Since a lot of this was unfamiliar to me, I went ahead and wrote up how I worked through it in the hope that it would be useful to someone else down the road...
Here's our starting expression, let's break this down and go through it:
%{eif:trunc(t):d:2}.%{eif:(1M*t-1M*trunc(t))/10000:d:2}
eif
is 'evaluate_int_format', it evaluates the expression’s value and outputs as formatted integer. From the docs:
The first argument is the expression to be evaluated, just as for the expr function.
The second argument specifies the output format. Allowed values are x
, X
, d
and u
. They are treated exactly as in the printf function.

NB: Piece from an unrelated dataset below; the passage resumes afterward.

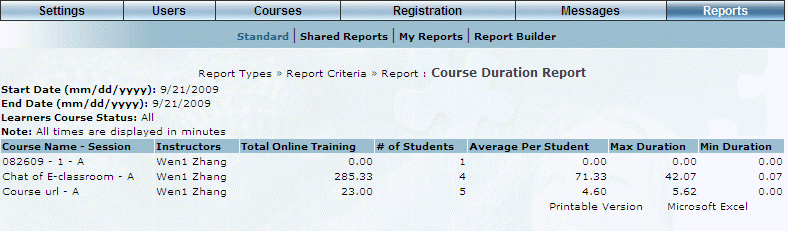 Reports_-_Course_Duration_Report_2.png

The third parameter is optional and sets the number of positions taken by the output. It can be used to add padding with zeros from the left.... so :d:2
means a decimal integer padded to two digits.
t
is the timestamp in seconds. ffmpeg appears to keep this down to millisecond accuracy, so by manipulating this we can get the output we want.
So:
%{eif:trunc(t):d:2}
trunc(t) is just the integer part of the timestamp.
the eif
call here just formats that to two zero-padded digits.
(1M*t-1M*trunc(t))/10000
this is slick: 1M*t
basically shifts the whole timestamp by 10e6, which gives us the total number of microseconds as an integer - or said another way we just cast the timestamp to an integer...
similarly: 1M*trunc(t)
rounds down that value to the nearest second.
1.746826 seconds
becomes 1,746,826 microseconds
which then trunc's down to 1,000,000 microseconds
.
subtracting them leaves us with just the remainder (in microseconds).
Since we want the output in hundredths of seconds, we divide by 10000 (really another shift) and this gives us the fractional leftovers, as another integer, which we then format to two digits with zero padding.